Oil or bond yields—what spooked Indian stock markets
A 30 percent rise in oil prices makes both equities and economy vulnerable as higher oil prices increase utility, freight and transportation costs, adding to inflation

Over-heated bond yields in the US and ever-increasing crude oil prices broke investors’ confidence on Indian markets. In the sharpest single-day decline since August, India stock markets lost over 1 percent on Wednesday as jittery investors rushed to take money off the table with the 10-year treasury yields in the US jumping to nearly 16-year highs or highest since 2007.
Typically, bond yields and equity markets work in inverse. Rise in bond yields make it an attractive asset class, as investors tend to sell equities and pump in more money into bonds.
During the day, the BSE Sensex tanked 868.70 points before closing at 66,800.84, losing 796 points or 1.18 percent. The 50-share index Nifty also declined 313.5 points, closing for trade at 19,901.40, down 231.90 or 1.15 percent.
Milind Muchhala, executive director, Julius Baer India, feels there are potential sources of intermittent volatility, such as the US Federal Reserve’s actions, rising commodity prices (especially crude oil), uncertain monsoon impact on crop production, upcoming state elections, and soft rural consumer demand.
“Foreign institutional investors (FIIs) flows, while previously robust, have started tapering off, possibly due to India"s outperformance among emerging markets and potential US Fed rate hikes. It"s important to remain slightly conservative as corrections can be swift. Despite intermittent corrections, the overall positive outlook for Indian markets remains, driven by economic growth, strong corporate earnings, robust expected inflows, and valuations in line with historical averages. Interim corrections should be viewed as opportunities to increase equity exposure for long-term investors," he adds.

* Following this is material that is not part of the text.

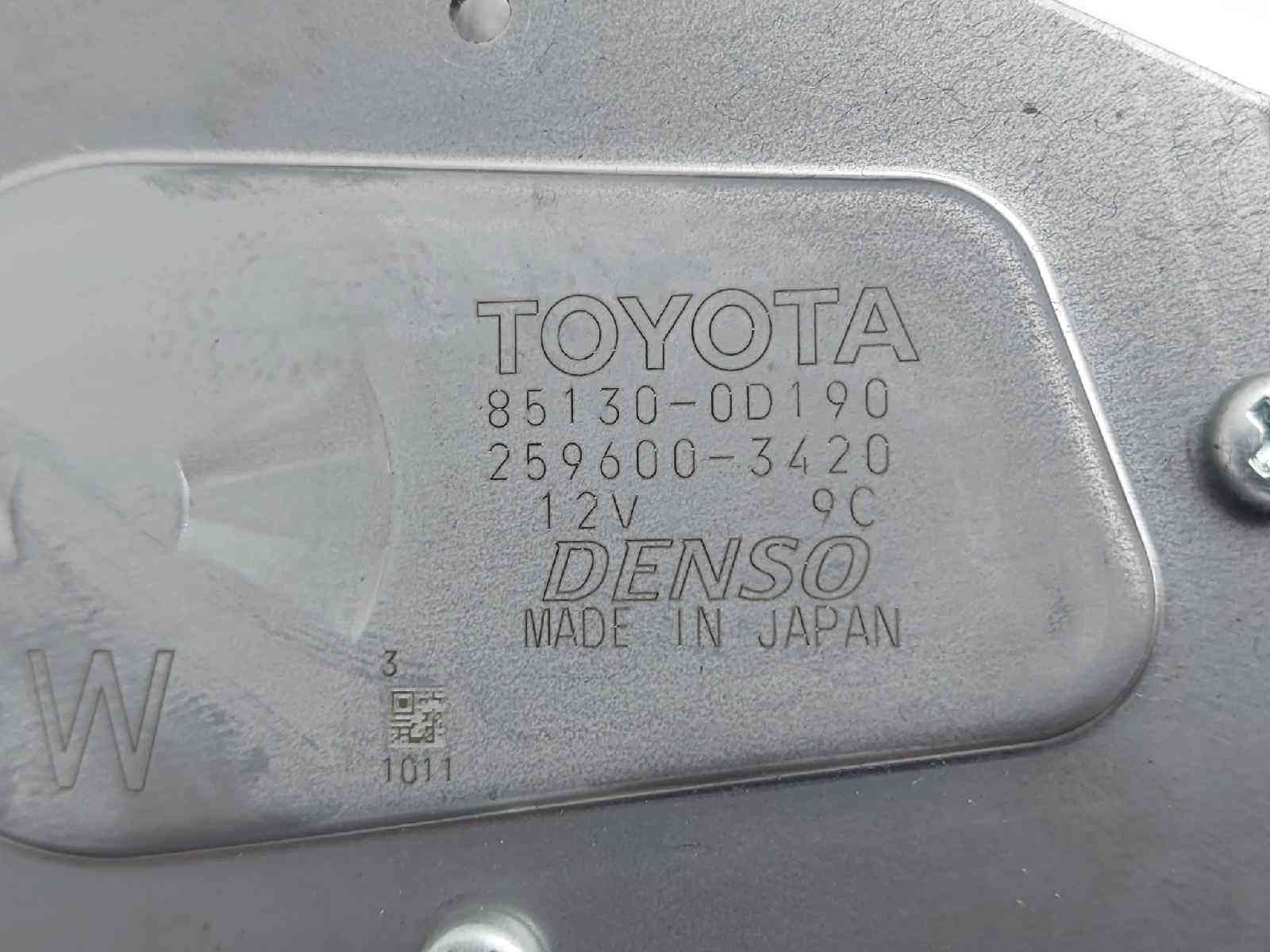 MOTOR LIMPIA TRASERO TOYOTA YARIS 851300D190 / 2596003420 851300D1902596003420 - Vista 2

Crude prices have been increasing rapidly with brent hitting over $90 per barrel, raising caution on ballooning inflation worldwide as the US Federal Reserve prepares to release its monetary policy review tonight. The global central bank is widely expected to keep interest rates on hold, but market investors will watch out for its economic projections while high crude price may still mean a rate hike this year. In June, the US Fed had paused hiking rates.
Investors in contracts tied to the federal funds rate consider it a near certainty the US central bank will leave the benchmark federal funds rate at the current range of between 5.25 percent and 5.5 percent, a step consistent with the Fed"s shift to a slower and more considered pace of rate increases, according to Reuters. From March 2022 through May 2023, the Fed raised rates at 10 successive meetings—by anywhere from a quarter to three quarters of a point—as it fought the worst rise of inflation since the early 1980s.

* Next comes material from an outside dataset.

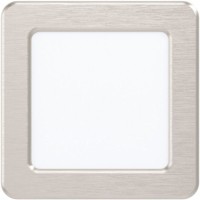 99183 Светодиодный встраиваемый светильник FUEVA 5, 5,5W (LED), 117х117, ET26, 700lm, 4000K, сталь, никель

In India, a 30 percent rise in oil prices makes both equities and economy vulnerable as higher oil prices increase utility, freight and transportation costs, adding to inflation. A 10 percent oil price increase is estimated to hit retail inflation by an average 0.2 percentage point. This is an adverse terms-of-trade shock for Asia, since most Asian economies are net oil importers. According to Nomura, if oil prices remain high, it will hurt growth, inflation and worsen both current account deficit and fiscal balances.